Carlos Alberto Chavarría Rodriguez (born 2 May 1994) is a Nicaraguan professional footballer. Chavarría has also represented Nicaragua internationally, both at U-20s and senior level.

==Career==
Chavarría was promoted into the senior team of Real Estelí in 2013. To date he has won the Nicaraguan Primera División both seasons with the club. He has also played in the CONCACAF Champions League.

==International career==
Chavarría made his international debut for Nicaragua in 2013 when he was called up to both the U-20s, and senior level teams.
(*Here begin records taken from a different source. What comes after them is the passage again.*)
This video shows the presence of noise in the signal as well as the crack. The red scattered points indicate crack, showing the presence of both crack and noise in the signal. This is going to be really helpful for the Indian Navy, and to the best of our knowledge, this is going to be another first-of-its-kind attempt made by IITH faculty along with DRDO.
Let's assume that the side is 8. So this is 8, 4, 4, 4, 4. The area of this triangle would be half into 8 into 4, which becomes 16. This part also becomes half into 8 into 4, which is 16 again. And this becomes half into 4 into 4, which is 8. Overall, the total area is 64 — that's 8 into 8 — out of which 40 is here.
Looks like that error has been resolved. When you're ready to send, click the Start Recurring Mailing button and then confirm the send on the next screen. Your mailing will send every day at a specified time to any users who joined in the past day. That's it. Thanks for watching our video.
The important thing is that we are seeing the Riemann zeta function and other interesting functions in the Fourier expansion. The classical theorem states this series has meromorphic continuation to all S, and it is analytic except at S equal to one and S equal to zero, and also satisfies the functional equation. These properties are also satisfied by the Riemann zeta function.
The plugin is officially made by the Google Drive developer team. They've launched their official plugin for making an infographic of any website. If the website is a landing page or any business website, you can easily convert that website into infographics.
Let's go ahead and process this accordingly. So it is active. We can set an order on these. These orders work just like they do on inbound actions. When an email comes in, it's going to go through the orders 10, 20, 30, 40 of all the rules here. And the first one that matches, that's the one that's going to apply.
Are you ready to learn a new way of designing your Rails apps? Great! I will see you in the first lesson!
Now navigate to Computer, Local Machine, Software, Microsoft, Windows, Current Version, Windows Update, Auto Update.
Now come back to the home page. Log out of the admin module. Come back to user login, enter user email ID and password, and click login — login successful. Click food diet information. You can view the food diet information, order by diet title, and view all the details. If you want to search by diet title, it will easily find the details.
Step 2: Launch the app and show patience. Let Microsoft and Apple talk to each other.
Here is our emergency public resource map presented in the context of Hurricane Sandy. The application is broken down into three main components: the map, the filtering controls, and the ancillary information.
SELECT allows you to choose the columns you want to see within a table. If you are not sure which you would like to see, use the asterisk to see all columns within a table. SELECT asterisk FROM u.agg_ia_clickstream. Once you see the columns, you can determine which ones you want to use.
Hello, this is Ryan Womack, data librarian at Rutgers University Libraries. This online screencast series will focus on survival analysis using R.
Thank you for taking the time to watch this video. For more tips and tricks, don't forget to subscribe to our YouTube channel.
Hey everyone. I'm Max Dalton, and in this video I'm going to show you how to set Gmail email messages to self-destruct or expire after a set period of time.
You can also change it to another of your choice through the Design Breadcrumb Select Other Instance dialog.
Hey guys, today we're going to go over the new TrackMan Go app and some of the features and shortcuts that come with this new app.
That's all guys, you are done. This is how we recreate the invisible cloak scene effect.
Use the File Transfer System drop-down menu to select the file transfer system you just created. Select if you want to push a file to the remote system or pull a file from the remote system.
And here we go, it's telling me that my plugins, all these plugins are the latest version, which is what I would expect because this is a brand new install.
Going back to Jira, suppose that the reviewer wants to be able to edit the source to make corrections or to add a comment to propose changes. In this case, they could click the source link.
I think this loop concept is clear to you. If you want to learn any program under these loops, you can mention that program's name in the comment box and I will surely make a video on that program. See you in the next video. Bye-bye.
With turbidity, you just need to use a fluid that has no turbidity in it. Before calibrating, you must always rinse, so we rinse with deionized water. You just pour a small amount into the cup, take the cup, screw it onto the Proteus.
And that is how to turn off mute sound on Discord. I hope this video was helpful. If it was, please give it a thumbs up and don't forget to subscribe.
He made his debut for La Azul y Blanco during the 2013 Copa Centroamericana against Guatemala in a 1–1 draw.

His first goal for the senior team would come during Qualification for the 2018 FIFA World Cup when Chavarría netted the only goal in the first leg win over Suriname.

===International goals===
Scores and results list Nicaragua's goal tally first.

| # | Date | Venue | Opponent | Score | Result | Competition |
| 1. | 7 June 2015 | Nicaragua National Football Stadium, Managua, Nicaragua | Suriname | 1–0 | 1–0 | 2018 FIFA World Cup qualification |
| 2. | 16 June 2015 | André Kamperveen Stadion, Paramaribo, Suriname | 3–1 | 3–1 |
| 3. | 5 September 2015 | Independence Park, Kingston, Jamaica | Jamaica | 2–0 | 3–2 | 2018 FIFA World Cup qualification |
| 4. | 24 March 2017 | Stade Sylvio Cator, Port-au-Prince, Haiti | Haiti | 1–3 | 1–3 | 2017 CONCACAF Gold Cup qualification |
| 5. | 7 June 2017 | Estadio Provincial de Yacuíba, Yacuíba, Bolivia | Bolivia | 2–0 | 2–3 | Friendly |
| 6. | 12 July 2017 | Raymond James Stadium, Tampa, United States | Panama | 1–0 | 1–2 | 2017 CONCACAF Gold Cup |
| 7. | 22 March 2018 | Nicaragua National Football Stadium, Managua, Nicaragua | Cuba | 1–1 | 3–1 | Friendly |
| 8. | 11 October 2019 | Dominica | 1–0 | 3–1 | 2019–20 CONCACAF Nations League B |
| 9. | 2–0 |
| 10. | 14 October 2019 | Windsor Park, Roseau, Dominica | 3–1 | 3–1 |
| 11. | 10 October 2020 | Estadio Carlos Miranda, Comayagua, Honduras | Honduras | 1–0 | 1–1 | Friendly |

==Honours==
Real Estelí
- Nicaraguan Primera División Champions: 2012–2013, 2013–2014, 2015–2016, 2016–2017.